Last week’s Torah reading had the laws regarding the “nazirite”, one who swears off wine and haircuts (Numbers 6:1–21), and the Haftorah was about Samson, the most famous nazirite in the Bible (Judges 13). However, the Torah reading and the Haftorah reading are not really talking about the same kind of person. In the Torah reading, it refers to someone who swears “a nazirite oath to become a nazirite for the Eternal” (6:2), and in the Haftorah, an angel tells Samson’s mother that “the boy will be a nazirite for God from the womb” (13:5). The Talmud (Nazir 4b) picks up on the difference in which Divine name is used, and concludes that Samson was not a true nazirite; someone who says “I swear to be a nazirite like Samson” is accepting a different set of regulations than someone who says “I swear to be a nazirite”.

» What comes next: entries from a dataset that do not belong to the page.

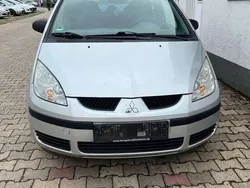 Gebraucht 2006 Mitsubishi Colt Kleinwagen | 800 €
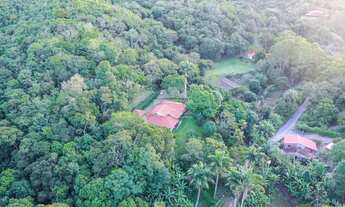 Imagem 6: Casa com 250 m² de área construída com 04 amplas suítes, piscina e mezanino, dis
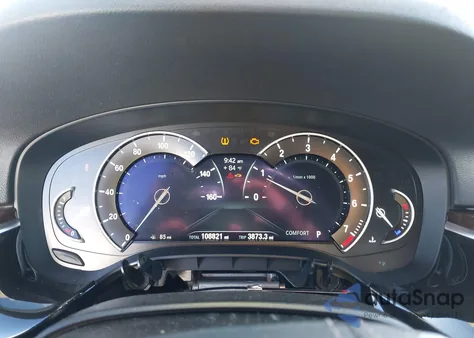 2018 BMW 530I xDrive z USA, uszkodzony, nr VIN WBAJA7C55JWA72764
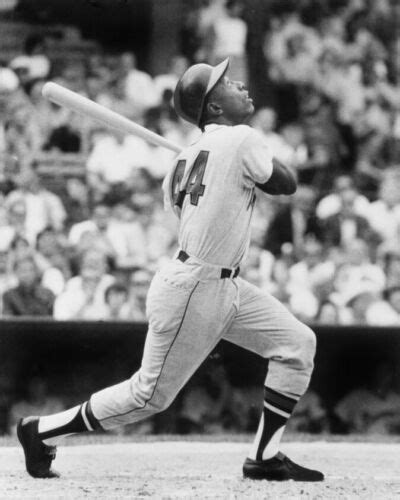 Hall Of Fame Legend Hank Aaron Home Run Swing Braves 8x10 Classic Ebay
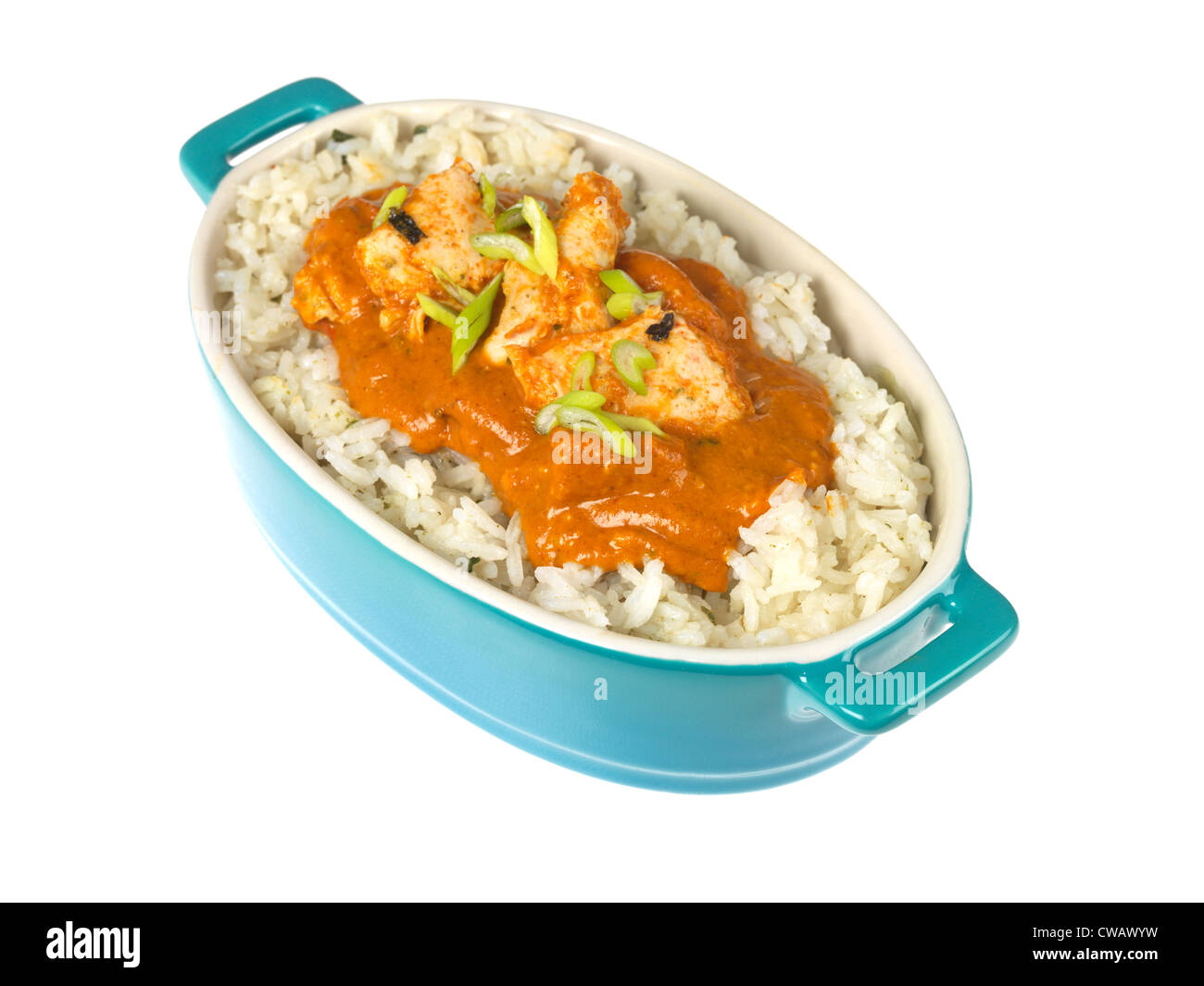 Autentico stile piccante Tailandese colorate di rosso Pollo al Curry e farina di riso, isolata contro uno sfondo bianco, con un tracciato di ritaglio e nessun popolo Foto Stock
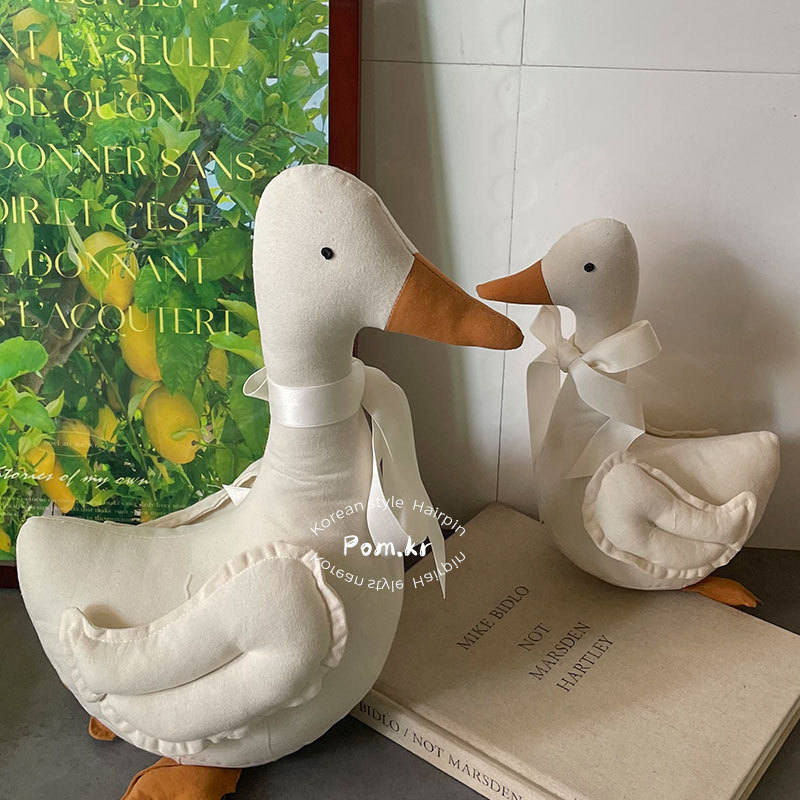 新款韩版可爱小鸭子娃娃大小号可蹲立棉麻儿童安抚玩具房间摆件物详情6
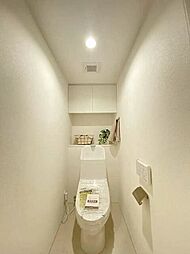 [トイレ] トイレはホワイトを基調とし、明るく清潔感のある空間になっています。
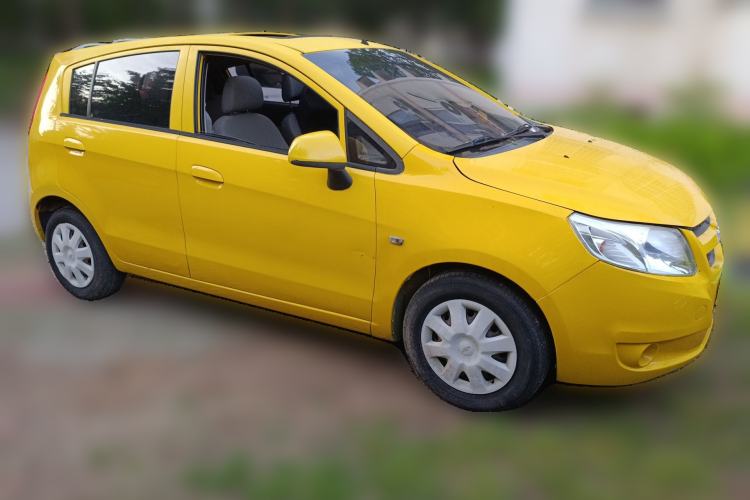 Used Chevrolet Sail 2010 Hatchback 1.4L AMT Elite Edition Front Right 45 Deg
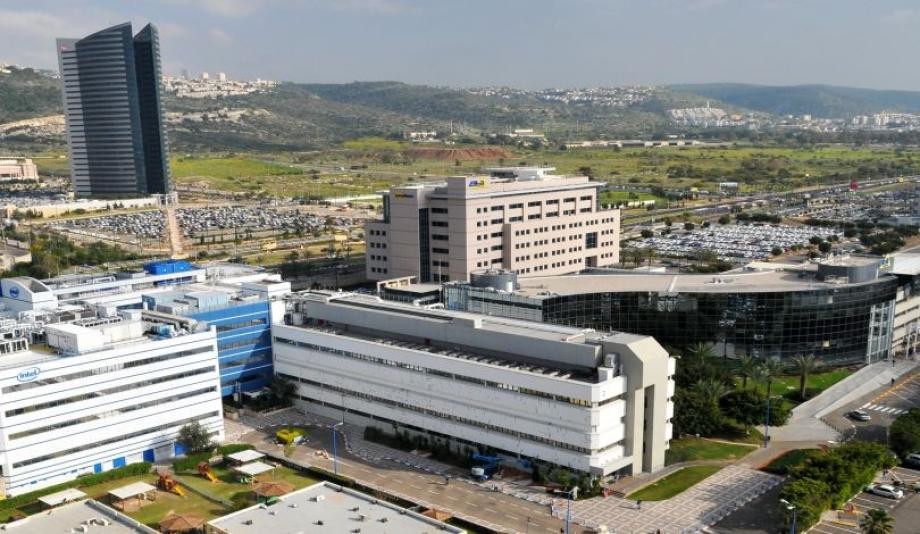 نشطاء فلسطينيون ينجحون في إغلاق مصنع طائرات مسيرة صهيوني في بريطانيا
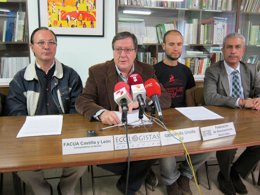 Integrantes de la Coordinadora Antivertedero de Santovenia.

Traditionally, the Tetragrammaton (translated as “the Eternal”, or “the Lord”) is used to connote God’s attribute of mercy, while elokim (translated as “God”) is used to connote His attribute of justice. As the leader of an Israelite revolt against the Philistines, Samson was a nazirite acting for God in His capacity as Judge. But what does the other kind of nazirite have to do with mercy?
Suppose that somebody takes it upon herself, as a spiritual exercise, to fast on Mondays and Thursdays (a traditional form of self-abnegation). A few months later, she realizes that she has a dilemma. On the one hand, she has become so used to going without food for two days a week that fasting is not really a challenge for her any more; the sense of spiritual elevation that she got from fasting has evaporated. On the other hand, the people who know that she fasts still see her as standing apart from the community. If she continues to fast, she will be maintaining this separation to nobody’s benefit. If she stops fasting, she will touch off a wave of speculation and gossip about her motivations, especially from the people who interpreted her fasting as a form of vanity.

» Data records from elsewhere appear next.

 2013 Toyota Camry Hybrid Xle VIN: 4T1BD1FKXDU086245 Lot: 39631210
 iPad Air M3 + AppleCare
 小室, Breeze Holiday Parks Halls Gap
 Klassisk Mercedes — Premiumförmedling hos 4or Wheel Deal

A nazirite vow, on the other hand, has an endpoint and a ceremony for marking the endpoint (bringing sacrifices). Just as a nazirite is marked in public by long hair and abstaining from grape products, a person who just completed a nazirite vow is marked by a shaved head. As the ex-nazirite’s hair grows back to a normal length, he or she can be gradually reintegrated into the community. Since the term of nazirism was specified at the time of the vow (or, if none was specified, thirty days—Nazir 1:3), the end of the term does not have to be an occasion for any surprise or speculation. This is the mercy shown to the nazirite.

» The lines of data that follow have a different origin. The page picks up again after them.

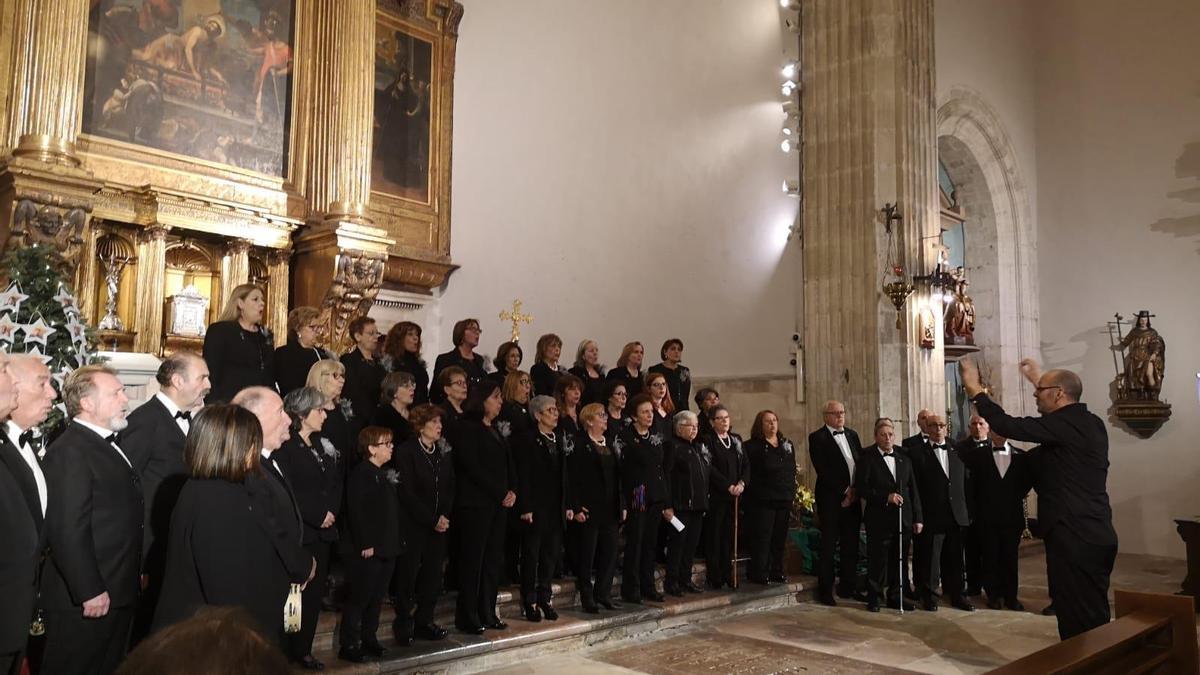 El Coro Vetusta durante una actuación.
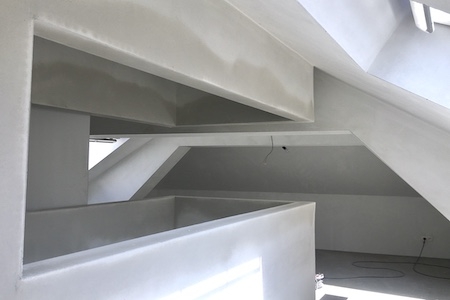 R&eacute;novation studios Mons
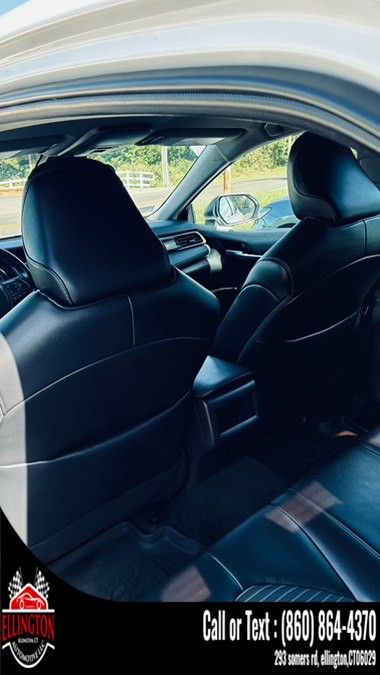 2024 Toyota Camry SE - Photo 18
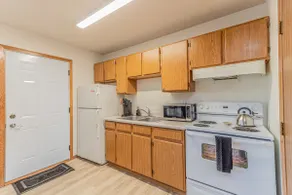 Free Parking I Coffee I Queen Bed I Keyless Entry - Image 3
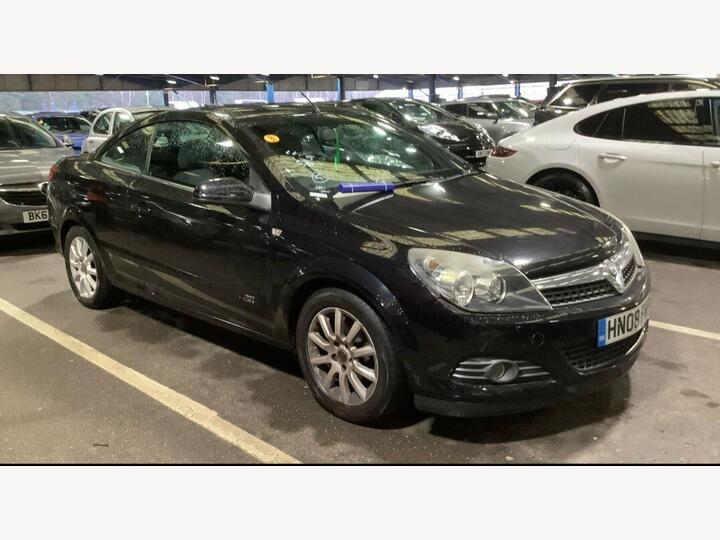 Vauxhall Astra 1.6i Sport Twin Top 2dr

Of course, someone can avoid the benefit of this mercy by saying “I swear to be a nazirite permanently”; based on II Samuel 14:26 and 15:7, the Talmud deduces that Absalom made such a vow. And since today there is no Temple for bringing sacrifices, if someone makes a nazirite vow, regardless of its term, they won’t be able to drink wine again until after the Temple is rebuilt. But God can only do so much to protect people from their own foolishness.